The bridge would have connected FIU University to Miami's Sweetwater neighborhood, allowing students and faculty to cross safely over the busy street, where an 18-year-old FIU student was struck by a car and killed last year.
"It is exactly the opposite of what we had intended, and we want to express our deepest condolences to the family and loved ones of those who have been affected," said FIU President Mark Rosenberg in a video.
Construction crews took just 7 hours to hoist the bridge span into place over the road on Saturday.
The bridge was designed to be supported from above by a system of thick steel cables (see illustration) and a reinforced concrete center support column. But the cables had not been installed yet.
On March 13, FIU president Rosenberg tweeted this photo of the bridge sitting on red construction equipment by the side of the road. That equipment was removed when the bridge was swung into place over the road with no cables to hold it up.
In theory, the bridge span should have supported its own weight until the cables were installed. But in reality, a bridge without center support will buckle under its own weight and collapse.
A monitoring company responded to criticism from Twitter users after deleting the above tweet on Thursday.
BDI Test released a statement confirming it was hired by the crane company to monitor the stress on the bridge after it was hoisted into place on Saturday. The company wrapped up its work nearly a week before the walkway collapsed.

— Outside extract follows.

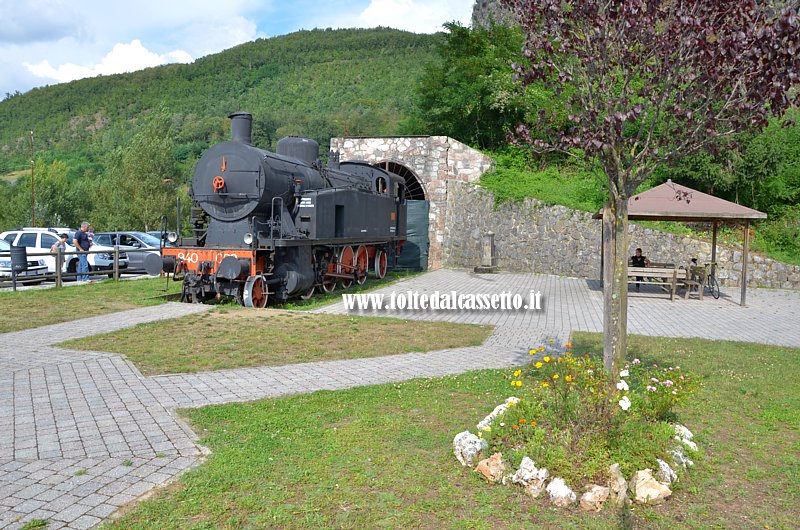 PIAZZA AL SERCHIO - Giardini di Piazza Garibaldi con locomotiva a vapore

"BDI was contracted to conduct monitoring while the bridge was moved into place," the company stressed in a post on its website Thursday. "BDI was not involved in the bridge’s design or construction and no BDI personnel or equipment were onsite at the time of the incident."
The foot bridge was scheduled to open for pedestrians and cyclists in 2019.
The deadliest fail of a suspension or cable stayed walkway in the U.S. occurred on July 17, 1981 at the Hyatt Regency in Kansas City, Missouri.
2 walkways, one directly above the other, collapsed onto a tea dance party in the hotel lobby, killing 114 people and injuring 216.
The official cause of the deadly Kansas City walkway collapse was "Structural overload resulting from design flaws." All engineers involved in the design and construction of the Hyatt Regency walkways lost their engineering licenses.